Lucinda Garthwaite is a systems change practitioner, higher education leader, teacher, writer and researcher. Her focus is on emancipatory social and organizational change.
Lucinda co-founded and co-leads the consulting group ChangeMakers Partners, providing systems-based consultation to social justice-driven nonprofit and higher education organizations facing challenges to advancing their impact. She serves on the board of Goddard College in Plainfield, Vermont, where she was Academic Dean, Co-Director of the individualized undergraduate program, and a faculty member. She is also a founding board member of Teachers’ House, a non-profit devoted to supporting teachers as a force for social change.
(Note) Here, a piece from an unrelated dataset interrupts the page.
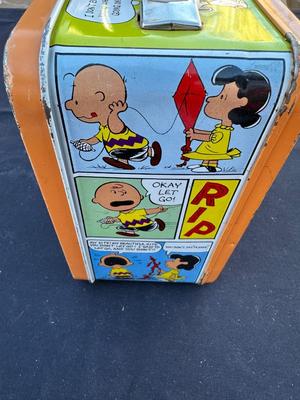 VINTAGE “PEANUTS” METAL LUNCH BOX WITH PLASTIC THERMOS BOTTLE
She holds a Doctorate in Leadership for Change from Fielding Graduate University, a Masters in Education from the University of New Hampshire, and an MFA in Creative writing from Goddard College. She is a 2015-2016 Fellow of the Fielding Graduate University Institute for Social Innovation. Her scholarship agenda includes emancipatory systems change, critical management practice, access and change in higher education, and non-violent social change.
Current research areas:
Non-violent resistence to fear-based social change.
Recent scholarly activity:
Personal practices for emancipatory organizational change.
Applications of systems theory have been long understood to be effective in the interest of organizational change (e.g., Argyris & Schon, 1978), but systems interventions are largely inaccessible to people without the power or resources to facilitate them. Moreover, systems interventions are not always dedicated to emancipatory change—change that promotes flourishing for people in the system, and for people, communities,- and ecologies affected by the system. The literatures of applied systems thinking (e.g., Senge, 2006); critical systems thinking (Flood, 1999); collective wisdom (e.g., Briskin, Erickson, Ott, & Callanan, 2009); complexity theory (e.g., Stacey, 2003); critical race theory (e.g., Delgado & Stefancic, 2001); presencing (e.g., Scharmer, 2009); and nonviolence (e.g., Kurlansky, 2006) imply the possibility that personal practices can promote emancipatory systems change. This study explored the questions: Is it possible for personal practices to support emancipatory systems change or perturb a system to emancipatory change? If so, what are those practices? I applied a phenomenological approach to interpret transcripts from conversations with 30 participants with varied experiences across sectors and types of organizations. Based on those findings, I suggest that intentional personal practices can perturb a system in the direction of emancipatory change, even in the face of resistance to such change.
Garthwaite, L.J. (2016) “Feeding the Beast”. Counterpunch Magazine. February 4, 2016. http://www.counterpunch.org/2016/02/04/feeding-the-beast/
Garthwaite, L.J. (2015) Moodle Seminar: Critical approaches to qualitative research. Fielding Graduate University Rocky Mountain Virtual Research Retreat
Garthwaite, L. J. (October 2015). Personal pactices for emancipatory systems change. In K. Tiner (Ed.), Leadership in social justice (Vol. 5). Santa Barbara, CA.: Fielding University Press.
Garthwaite, L.J. & D. Sewell. (2015) CMP Blog at http://www.changemakerspartners.org/new-blog/
Currently developing a proposal to investigate the phenomenon of effective non-violent resistence to fear-based social change.